April 13, 2004|by TIM ROWLAND

A friend who works for a local corporation was almost as excited as I was. Almost.

He sent me a link to the Hagerstown Suns Web site, and the announcement that July 3 and 4 will be Lou Scally Bobblehead Doll nights. The first 500 fans receive a free Bobblehead Lou.

The second I saw this, I determined that I will have a Lou Scally Bobblehead or die. I will line up in June. I will camp out. I will push children out of the way if I need to. But there will be a Bobblehead Lou for the Batcave, no question.

There is a slightly sour taste this leaves in my mouth, though. Last time we heard from the Hagerstown Suns marketing department, they had just cooked up plans (later scrapped) for an Osama bin Laden Bobblehead.
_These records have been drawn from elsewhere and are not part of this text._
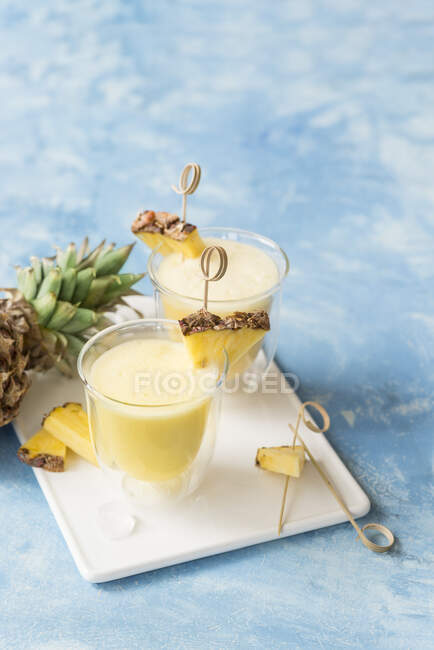 Alcohol cocktails with fresh pineapple juice and slices with sticks in glasses — Stock Photo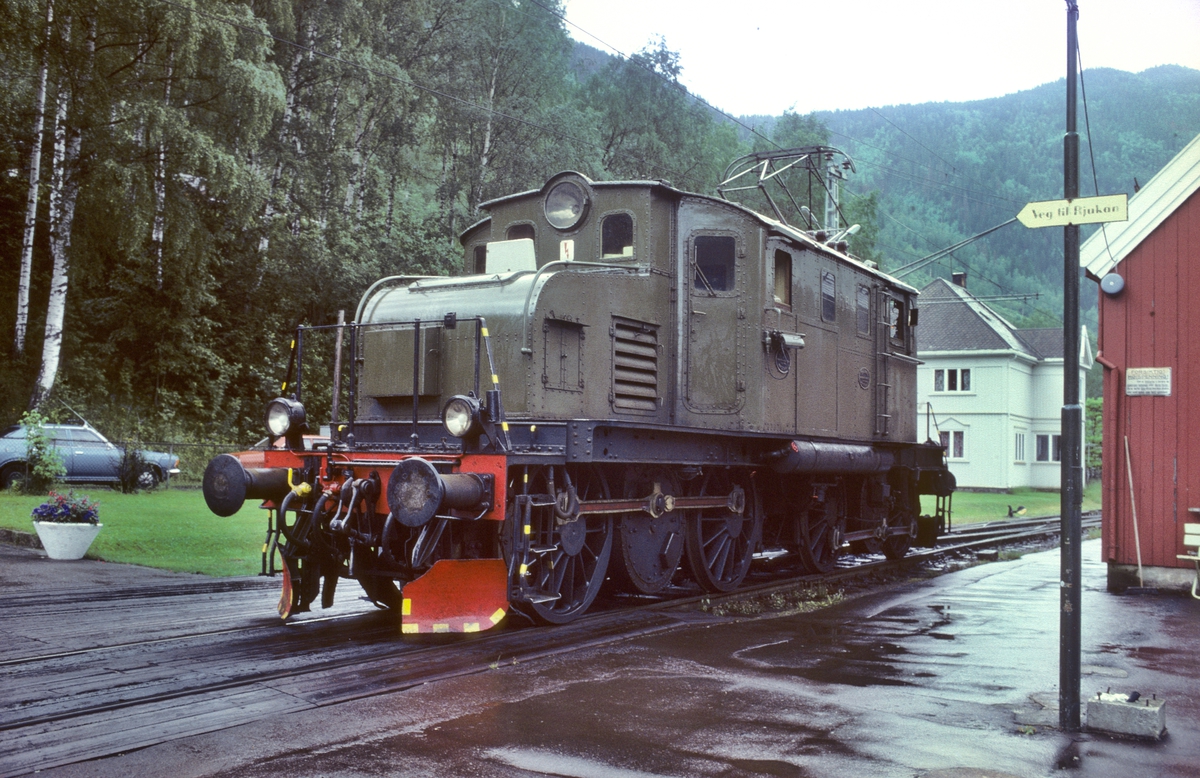 Rjukanbanens elektriske lokomotiv RjB 14 på Mæl stasjon. Skilt viser vegen for reisende til Rjukan. Norsk Hydro, Norsk Transportaktieselskap, Norsk Transport.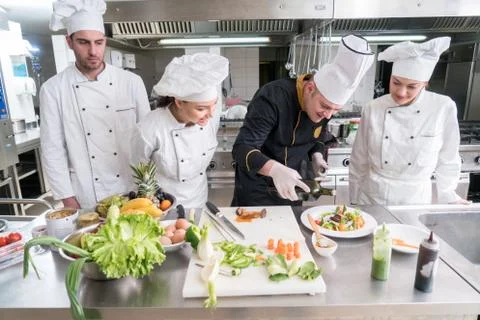 Chef Cooking, Cutting and preparing next plate Stock Photos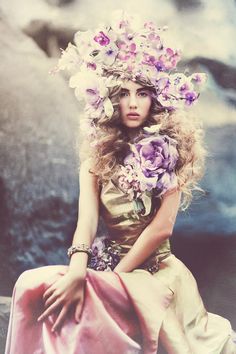 a woman with flowers in her hair sitting on a bench wearing a dress and hat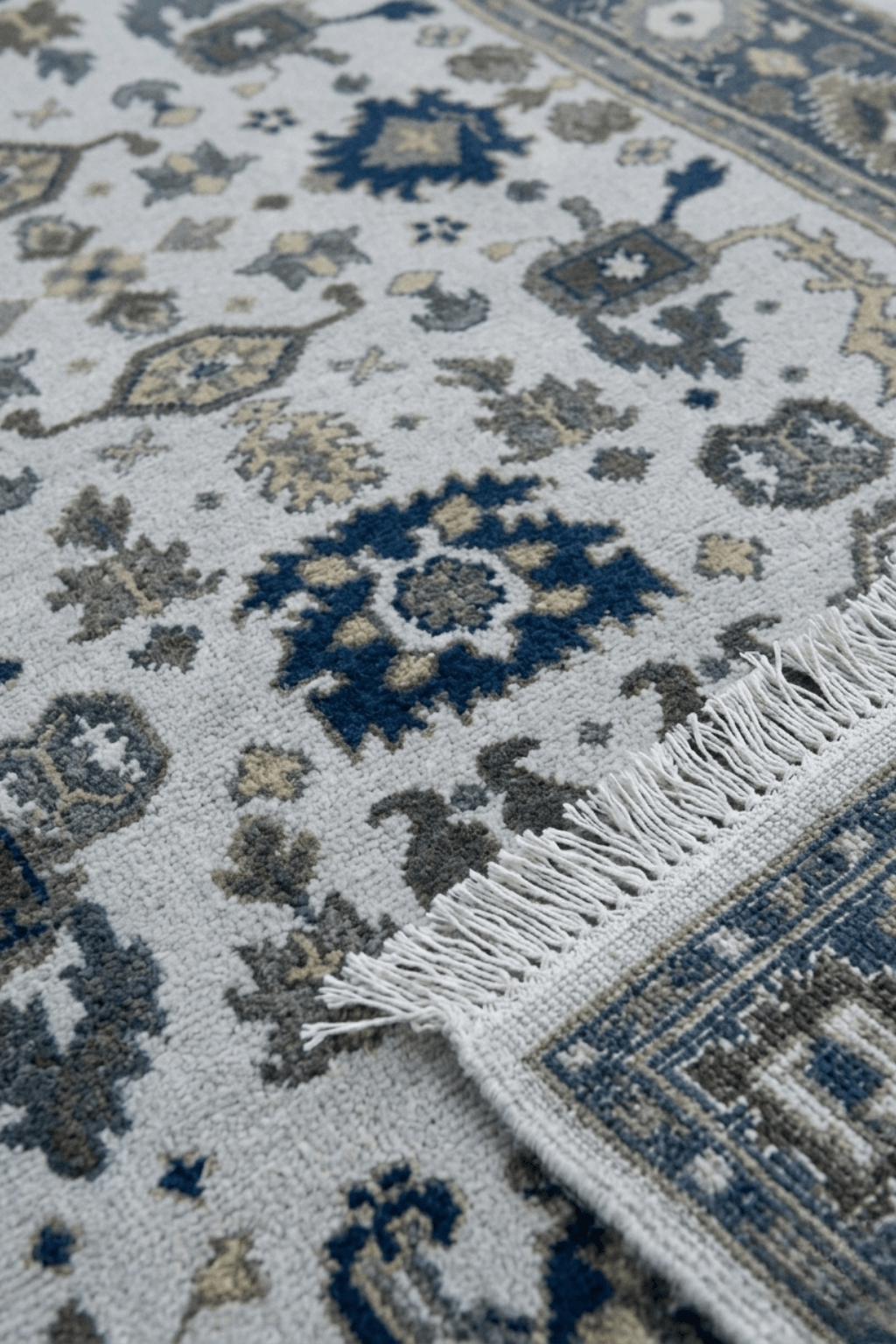 Artisan hand-knotted wool rug featuring intricate Persian motifs and a modern color palette.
I kind of wonder how Lou feels about being second choice behind an international terrorist.


I think the deal was, people would get the Osamahead and smash it. Lou Scally will have no such worries. After all, he is Hagerstown. He's second only to Little Heiskell. If City Hall ever needs a second weathervane, it's going to be Lou.

Oh, pardon me, it's just come to my attention that some of you might not be familiar with the national Bobblehead craze. The deal is, they are these plastic, cartoon dolls with oversized heads attached to the body with a spring.

The phenomenon started primarily with sports figures. But now anybody who is anybody is on a bobble, from Anna Nicole Smith to Albert Einstein to Jesus. The Jesus Bobblehead, incidentally, is offered for $7.95 (same price as the Nun/Schoolgirl salt and pepper shakers) on a Web site that also sells Pope Innocent III action figures ($8.95), a "God Bless our Home Fiber Optic Picture" ($7.95) and "Assorted Plastic Shepherds, $8.95 set of six." I've said it before and I'll say it again: Lord bless Al Gore for inventing the Internet.

I truly hope that for the Hagerstown Suns, this is only the beginning of bobbledom. Hagerstown needs its own set of local personalities with nodding heads on springs. And we have some catching up to do, since, as always, we are behind the curve. Why there has not been a Nora Roberts Bobblehead before now, I should like to know. She's our most famous star, although I'm not sure how many Hagerstown Suns fans are romance novel fans. Might be a different demo, I'll have to look into that.

OK, let's run down the list. I think we can all agree that we would like to see a Ron Bowers Bobblehead.

The Betty Morgan Bobblehead would be a huge seller, and I'm guessing she would get more traffic than even the Herman Bartlett Bobblehead, but maybe not as much as the Marie Byers Bobblehead.

A Bucky the Deer Bobblehead is a no-brainer, and speaking of animals, all of us pigs would want a Miss Washington County Alaina Rowe Bobblehead. I would like something to represent City Park, but I am not sure you would be able to make a Bobblehead out of a carp.

Local sports celebs Chris Fox, Ron Stansbury, Vicky Bullett, Rodney Monroe and Fulton Walker are all in, of course. And Garrett Stephenson and Doug Creek. And speaking of pitchers, we would need a cell phone flamethrower John Munson Bobblehead.

The Allan Powell/George Michael Bobbleheads come as a set.

Then there's Bobblehead Classic: Norm Shea, Jan Cirincione, Paul Muldowney, Steve Sager, Beverly Byron, Wayne Gersen, Bruce Poole, Dick Roulette, Larry Vaughn, Bob Borngesser.

Some will be pure Hagercana. I love all our school crossing guards with their tidy caps and white gloves, and would like to see them immortalized.

But I am saving the best for last, and the Hagerstown Suns should use it wisely - maybe on a drizzly April evening when there is no other way to get people into the stands. And yes, I am speaking specifically of a two-headed Bobblehead featuring Bill Breichner and Jim Hamill. There's a "doubleheader" for you!

Hey! What? Come back. What'd I say?

Tim Rowland is a Herald-Mail columnist.